A fines de los ‘70, uno podía tocar guitarra de aire punkie (con The Police), guitarra de aire intelectual (con Talking Heads) o guitarra de aire tradicional (con Dire Straits): el grupo de Knopfler era un soplo de aire tibio en un paisaje demasiado contaminado por la compulsión gélida de lo novedoso. Dire Straits era otra de esas bandas new wave aparecidas de golpe pero parecía haber estado ahí desde siempre, comandada por ese guitarrista nacido en Glasgow en 1949 que ostentaba un escalofriante buen gusto a la hora de puntear notas, escribir canciones que parecían fotografías y cantar con un fraseo dylanoide pero personal. De ahí que, todavía hoy, el neblinoso Dire Straits (1978) y el soleado Communiqué (1979) no hayan envejecido un segundo y “Sultans of Swing” y “Lady Writer” sigan sonando como singles implacables y no por eso menos adorables. El conflicto de Dire Straits empieza en 1980, a partir de Making Movies: cuando Knopfler descubre que, en la Era Springsteen, a una perfecta banda de bar se le pide que crezca a banda de estadio. Continúa con el épico Love Over Gold (1982) y alcanza su más terrible esplendor en 1985 con Brothers in Arms. Allí, el insoportable “Money For Nothing” –canción à la Randy Newman con Sting de invitado, que se las arregla para criticar y celebrar al mismo tiempo el fenómeno MTV– se traduce en ventas multimillonarias, giras mundiales (donde las viejas y queridas canciones experimentan mutaciones macrocefálicas) y el ingreso de Knopfler a esa especie de aristocracia rocker-yuppie donde se mueven con gracia Phil Collins, Tina Turner, Eric Clapton y Elton John, pero donde el líder de Dire Straits no tenía nada que hacer, pobrecito. Para entonces, Knopfler aparecía bamboleándose por el escenario, metido dentro de horribles sacos con hombreras, espantosas vinchas flúo que intentaban en vano disimular su cada vez más amplia frente, y contaminaba la limpieza de su guitarra con efectos sintetizados (para no mencionar sus zapadas con Guillermo Vilas, si nos guiamos por lo que asegura el crédito marplatense).

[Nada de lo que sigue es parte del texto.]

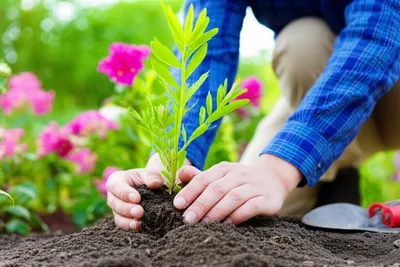 Illustration keepers - Image 1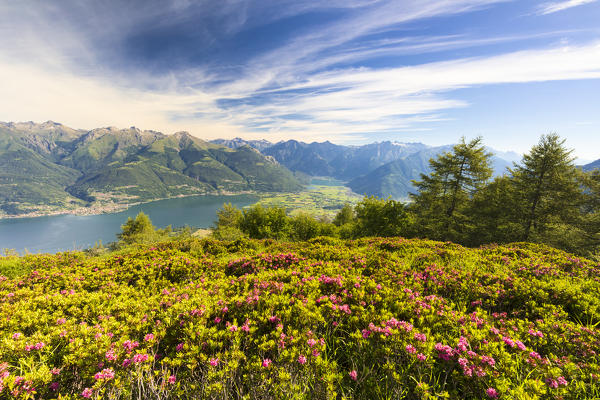Rhododendrons in bloom with Lake Como and Alto Lario in the background, Monte Legnoncino, Lecco province, Lombardy, Italy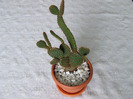 cactusi 2011 014
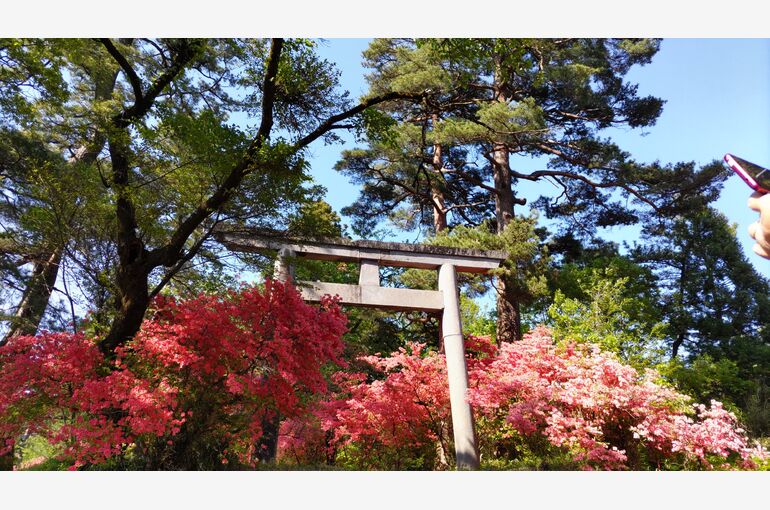 赤城神社のツツジ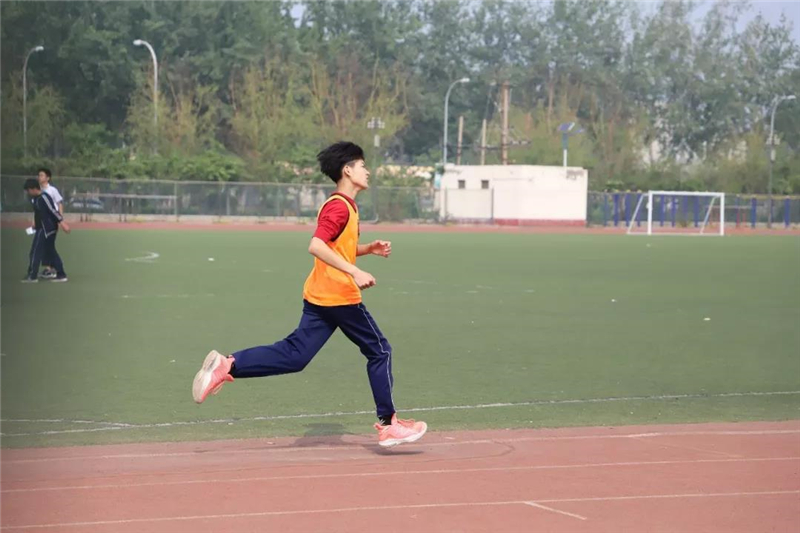 1556102233568413.jpg 4.jpg
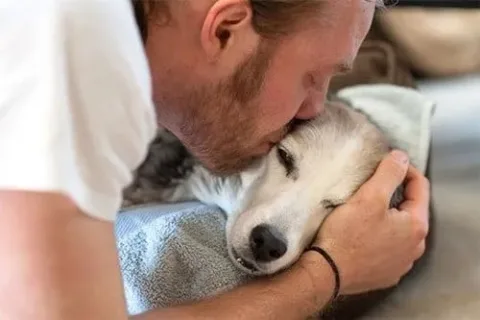 20 20 essential dog facts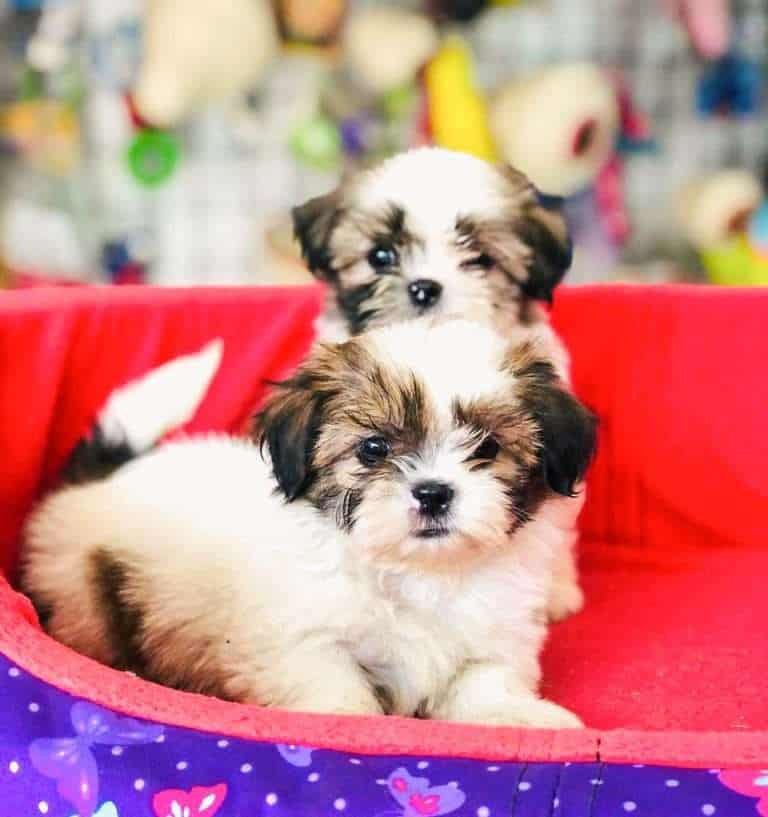 Shitzu Criadero Medellin precio de venta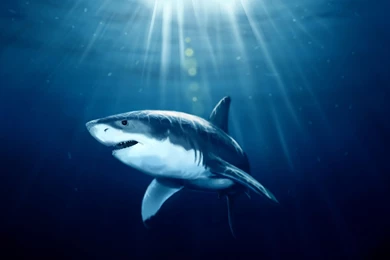 Shark Wallpapers Wonderful 2002 Backgrounds Version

Agotado de todo eso, Knopfler desmantela el kiosco, potencia su perfil de compositor de muy buenos soundtracks (el primero de ellos, Local Hero, sigue siendo el mejor), toca de vez en cuando con el retro-grupo de The Notting Hillbillies, graba un álbum con Chet Atkins y recién regresa cuando está seguro de que nadie lo espera demasiado: On Every Street, retorno de Dire Straits en 1991, es en realidad el primer disco solista de Knopfler. Y, si bien da señales de mejoría –la hermosa y sencilla canción que da título al asunto, por ejemplo–, también muestra una preocupante adicción a esos chistecitos musicales y polimorfias perversas, producto dehaber tocado con y producido a demasiada gente de ésa que les gusta a los cocainómanos de Wall Street. Igual fatiga demostró hace cuatro años en debut oficial en solitario, Golden Heart, un disco demasiado parecido a una hermosa bestia embalsamada –con pericia, pero embalsamada al fin– que producía más bien escasas ganas de hacer el ridículo frente al espejo.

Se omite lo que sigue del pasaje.